Thought I'd update this thread with a few bits and pieces lol..

Since it was transformed its been featured on various global websites such as Speedhunters and Motormavens and gained somewhat of a reputation. Its an ongoing project really as it keeps giving me headaches much the same as any other modified car out there.










This shot featured on Speedhunters and got the car nominated in the 2009 Street Drift Car of the Year awards in December:









It got used and someone drove into it in a Tesco carpark









The engine got cleaned and tidied:

























Then the manifold cracked in about 8 places so I welded it all up and got it to Protuner in Redditch for drift car mapping guru Greg Gush to work his magic..










With a missfire and exhaust restrictions it reached 430bhp at 1.3bar... pretty happy with that for a first dyno and map session.









Plenty more to come from it. The missfire turned out to be because of a lack of earths on the ignition loom which my father rectified.

I should have these in 2 weeks:









But in the meantime I'm rolling around the roads of South Wales like this.. It certainly is a head turner..


----------



## tonigmr2 (Sep 12, 2002)

Full of awesome.


----------



## Pharoahe (Mar 11, 2006)

Full of awesome


----------



## Julio2906 (Mar 18, 2009)

Lovely car mate,I do like the Bee*R324 *VERY* much indeed.


----------



## Wade (Jul 31, 2008)

matty32 said:


> they arnt free


£60 quid!
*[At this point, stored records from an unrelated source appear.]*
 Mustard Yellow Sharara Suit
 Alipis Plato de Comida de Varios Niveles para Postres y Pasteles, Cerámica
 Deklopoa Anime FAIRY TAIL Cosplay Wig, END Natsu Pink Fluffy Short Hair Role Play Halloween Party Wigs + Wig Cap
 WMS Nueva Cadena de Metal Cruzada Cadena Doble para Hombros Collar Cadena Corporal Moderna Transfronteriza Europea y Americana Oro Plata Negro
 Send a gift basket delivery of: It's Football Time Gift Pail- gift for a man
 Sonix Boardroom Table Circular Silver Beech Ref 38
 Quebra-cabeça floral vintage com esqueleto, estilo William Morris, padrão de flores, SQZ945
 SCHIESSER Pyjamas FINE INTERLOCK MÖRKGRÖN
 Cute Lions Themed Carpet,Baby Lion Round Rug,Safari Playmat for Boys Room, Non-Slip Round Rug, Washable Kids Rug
Would love to see the markup on that...


----------



## tonigmr2 (Sep 12, 2002)

I bought one AT BeeR in Japan and it was over £50, so not much markup from there.


----------



## Wade (Jul 31, 2008)

Unique Autosports want £35 (based in Au) surely small parcel in a jiffy bag sent in birthday paper wont cost much? :thumbsup:

Unique Autosports Online Catalogue - Bee Racing Japan

I was actually suprised the other day where two sellers were selling the same item with a difference of £50 between the two!!


----------



## tonigmr2 (Sep 12, 2002)

Well the Yen wasn't great when we were there..but still yes it cost me £50 from the garage itself, so I've no idea how they manage that! Maybe old stock. Would be interesting to see if they actually have them rather than just advertise them.


----------



## Miguel - Newera (Sep 18, 2003)

Strangely enough they're advertised on that site but, Bee-R stopped making and selling wheels about 3 years ago. This seller still advertises them....!

Like the old saying goes, if it sounds too good to be true...


----------



## matty32 (Dec 18, 2005)

Wade said:


> £60 quid! Would love to see the markup on that...
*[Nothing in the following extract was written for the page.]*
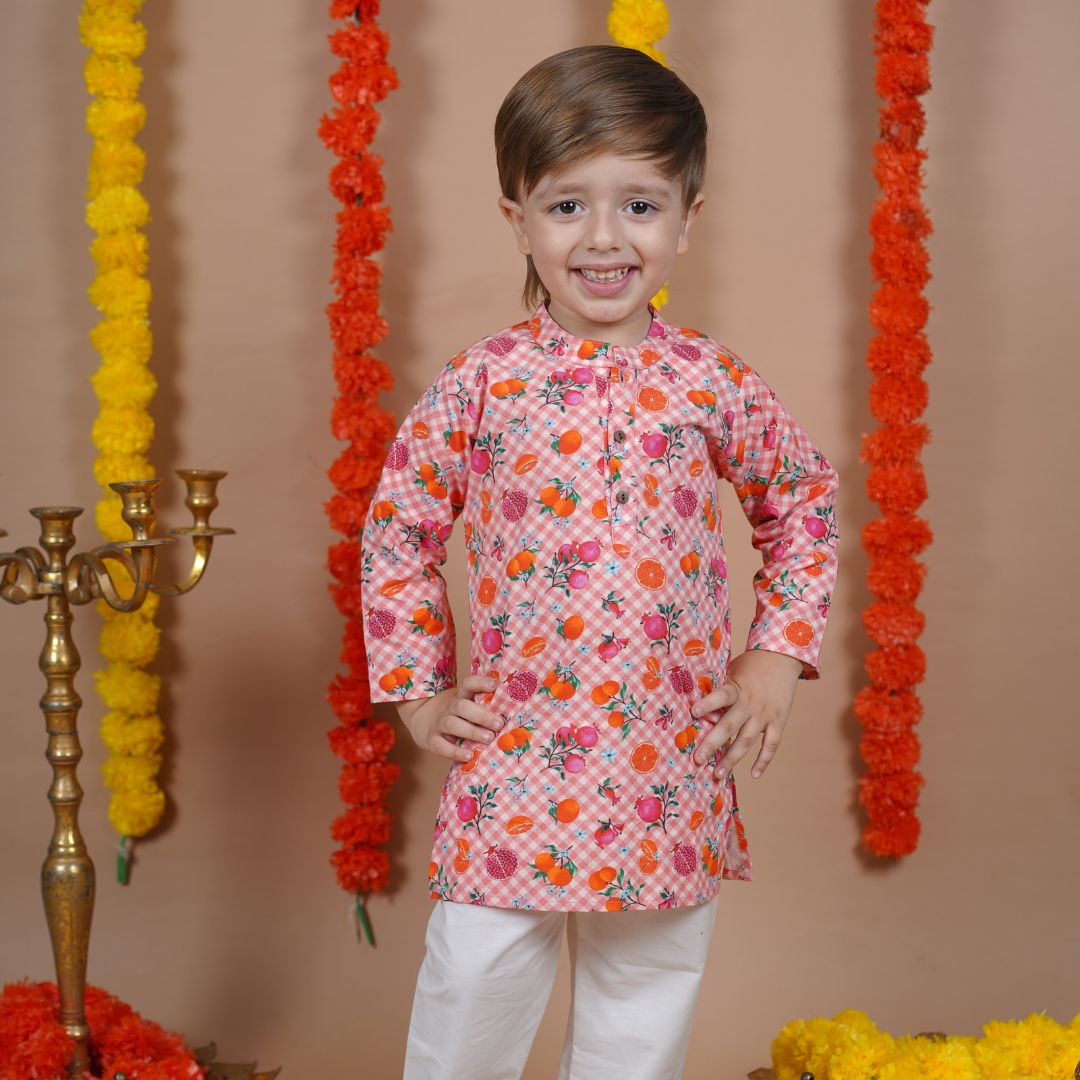 Fruity Gingham Kurta Set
If you think you can buy it cheaper Inc freight then please let me know


----------



## Wade (Jul 31, 2008)

matty32 said:


> If you think you can buy it cheaper Inc freight then please let me know


DaveW £58 opcorn:

Miguel was right, those guys do not have the part in stock. Heard back from them today.

Get some more pics up with the new rims!!


----------



## Digital (Apr 30, 2010)

Looks great mate! A guy I know here in Holland put this kit on his R32 GTST in white, this is what you call o bodykit:thumbsup:


----------



## Domo-kun (Mar 2, 2007)

Miguel - Newera said:


> Strangely enough they're advertised on that site but, Bee-R stopped making and selling wheels about 3 years ago. This seller still advertises them....!
> 
> Like the old saying goes, if it sounds too good to be true...


Well, I visited Bee-R in Jan '09. They had those badges in then. 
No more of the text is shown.